手術前、心細いのを隠しつつ「術後は暇だと思うから見舞いに来てね!」なんて携帯メールを一斉に送ったら、一週間で10人を超える人が見舞いに来てくれてしまった。
手術当日、内橋さんに半日付き合ってひたすら一緒に待っててくれた人や、花やヨーグルトを持って毎日来てくれた人、一日に二度三度足を運んでくれた人もいるし、退院時には荷物運びに駆けつけてくれた友達もいた。うちに帰ると日本から手紙やメールがあって、病気の痛い思いも怖い思いもどうでもよくなるくらい、自分は幸せなんだと思った。

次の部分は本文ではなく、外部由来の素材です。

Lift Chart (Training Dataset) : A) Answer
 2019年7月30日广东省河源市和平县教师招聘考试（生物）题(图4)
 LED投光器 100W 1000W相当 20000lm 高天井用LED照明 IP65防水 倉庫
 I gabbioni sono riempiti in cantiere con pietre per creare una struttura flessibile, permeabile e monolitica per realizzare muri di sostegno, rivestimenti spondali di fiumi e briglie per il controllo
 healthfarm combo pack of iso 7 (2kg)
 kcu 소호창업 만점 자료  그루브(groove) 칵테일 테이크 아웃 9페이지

退院してすぐ、クレムスで大好きな音楽家のピエール・バスティアンに再会して、たっぷり話した。久々にドキドキしながらライブを観て、死ななくて良かった〜とほんとに思った。良いことが何かあると、美味しいもの何か食べると、病気が治って生きてることにほんとに幸運を感じたし、ヤなことがあっても「でも、生きてんだから良いじゃん」といつも思う。

***

それは、病気をして手術前に死を身近に感じて、また病気や事故で死んでいった友人のことを何度も何度も思い続けたからだ。
もういなくなってしまった人を思い、自分もいなくなってしまうことをリアリティを持って考えたから。

***

誰かが、病気か事故を経験したあと、「残りの人生は神さまからのボーナスかおまけみたいなもの。生きてるだけでラッキー」という意味のことを書いていた。わたくしは今、結構贅沢なオマケを長々と満喫しはじめている。

***

しかも今年は年女で、しかも60年に一度とかの、亥の者どもに最高の年だと言う。「そんな年に手術なんて」と言われそうだが、この経験はカナリ得難く、ある意味大当たりだし、人に迷惑や心配や負担をかけたことを棚に上げさせてもらえるならば、極上の経験なのだ。ビッグギフト。

***

10年。
ケッコーンして10年経った記念すべき一昨年は、ウィーンに引っ越してまだまだいろいろ大変だったのであまり感慨は無かった。記念といっても、まだ実感がわくには早すぎた様で、やっと11年経った今になって“ほぼ10年”を俯瞰できるようになってきた。
近ごろ面白く感じるのは「あれはもう、10年も前なんだよね」と言えることが増えて、そのことがことさら大人感を実感させてくれてちょっと嬉しい。わたしはほとんど、幼なじみとか十代の頃の友達と交流していないので、20代の頃は“10年前の話”と言うのができなかった。内橋さんは12も歳上だから当初から「10年前の話」が満載だったんだけど、それが実はずっとうらやましかった。しかし晴れて今、「10年前の話」がたっぷり増えて嬉しいのだ。このようなことで、わたしは歳をとると言うことを愛して止まない。

さて10年。10年付き合ったら、そろそろ若輩ながら長い付き合い、と言っても良いのだよね。
夫のようにずーっと会ってる人から、しょっちゅう会ってる人、比較的しょっちゅう会ってる人、年に数回、年に一度は会ってる人、数年に一度だけど、会うとかわらぬ関係である人、久しぶりな人、超久しぶりな人、久しぶりの理由だって、そりゃもぉピンからキリまで多様で多様で。

でもね、ほぼ常にハジメマシテもあって、会って別れて、子どもももうけて、病気や事故で友達を、時には幼い友達を失い、自分もmemento mori な思いをして、そしてこうしてオマケをむさぼる幸運を得てみると、付き合い方の多様さなんて、ホボ、どーでもいいんだよなぁと思い至ったよ。

だってさ、生きてるだけでまる儲けなんですから。
達観。
生きてるだけでアリガトウ。生きてるだけで浜村淳。あんたもあたしも浜村淳
生き恥さらして生き延びて、また笑って会っちゃったんだから、それでえーやんかぁ。
たとえそれが、大した意味なくっても、それでもいいのよ。ねぇ、たぶん。ガハハハのハだよ、人生は。